In \(\triangle AOB\) and \(\triangle COD\),
\(\angle AOB = \angle COD\) (given)
\(OA = OC\) and \(OB = OD\) (Radii of the circle)
So, \(\triangle AOB \cong \triangle COD\). (SAS congruency)
\(\therefore AB = CD\) (By CPCT)

Question. An equilateral triangle of side 9 cm is inscribed in a circle. The radius of the circle is :
(a) 3 cm
(b) \(3\sqrt{2} \text{ cm}\)
(c) \(3\sqrt{3} \text{ cm}\)
(d) 6 cm
Answer: (c) \(3\sqrt{3} \text{ cm}\)
Explanation :
Let \(\triangle ABC\) be an equilateral triangle.
Let AD be one of its medians.
Then, \(AD \perp BC\) and \(BD = 4.5 \text{ cm}\)
In right \(\triangle ADB\),
\(\therefore AD = \sqrt{AB^2 - BD^2}\) ....(By Pythagoras theorem)
AD = \(\sqrt{9^2 - 4.5^2} = \sqrt{81 - 20.25} = \sqrt{60.75} = 4.5\sqrt{3} \text{ cm}\).
The radius of the circumcircle (G being the centroid) is \(AG = \frac{2}{3}AD = \frac{2}{3} \times 4.5\sqrt{3} = 3\sqrt{3} \text{ cm}\).

Question. If tangents PA and PB from a point P to a circle with centre O are inclined to each other at angle of 80°, then \( \angle POA \) is equal to :
(a) 50°
(b) 60°
(c) 70°
(d) 80°
Answer: (a) 50°
Explanation :
First, draw the diagram according to the given statement.

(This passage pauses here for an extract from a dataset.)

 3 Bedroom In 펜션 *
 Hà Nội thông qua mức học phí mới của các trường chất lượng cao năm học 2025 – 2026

Now, in the above diagram, OA is the radius to tangent PA and OB is the radius to tangent PB.
So, OA is perpendicular to PA and OB is perpendicular to PB i.e., \( OA \perp PA \) and \( OB \perp PB \)
So, \( \angle OBP = \angle OAP = 90^\circ \)

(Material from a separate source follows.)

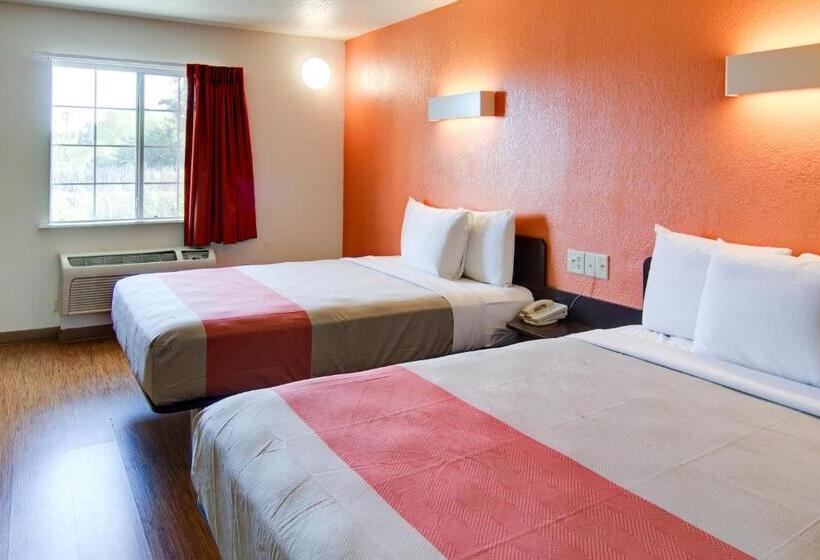 Номер Стандарт, Motel 6 Mount Pleasant, Tx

Now, in the quadrilateral AOBP,
\( \angle AOB + \angle OAP + \angle OBP + \angle APB = 360^\circ \)
\( \therefore \angle AOB + 260^\circ = 360^\circ \)
\( \Rightarrow \angle AOB = 100^\circ \)
Now, consider the triangles \( \triangle OPB \) and \( \triangle OPA \). Here,
AP = BP
(Since, the tangents from a point are always equal)
OA = OB
(Which are the radii of the circle)
OP = OP
(It is the common side)
\( \therefore \triangle OPB \cong \triangle OPA \)
(by SSS congruency)
So, \( \angle POB = \angle POA \)
Now, \( \angle AOB = \angle POA + \angle POB \)
\( 2(\angle POA) = \angle AOB \) [from (i)]
By putting the respective values, we get,
\( \Rightarrow \angle POA = 100^\circ/2 = 50^\circ \)

Question. A tangent PQ at a point P of a circle of radius 5 cm meets a line through the centre O at a point Q so that OQ = 12 cm. Lenght PQ is :
(a) 12 cm
(b) 13 cm
(c) 8.5 cm
(d) \( \sqrt{119} \) cm
Answer: (d) \( \sqrt{119} \) cm
Explanation :
In the above figure, the line that is drawn from the centre of the given circle to the tangent PQ is perpendicular to PQ.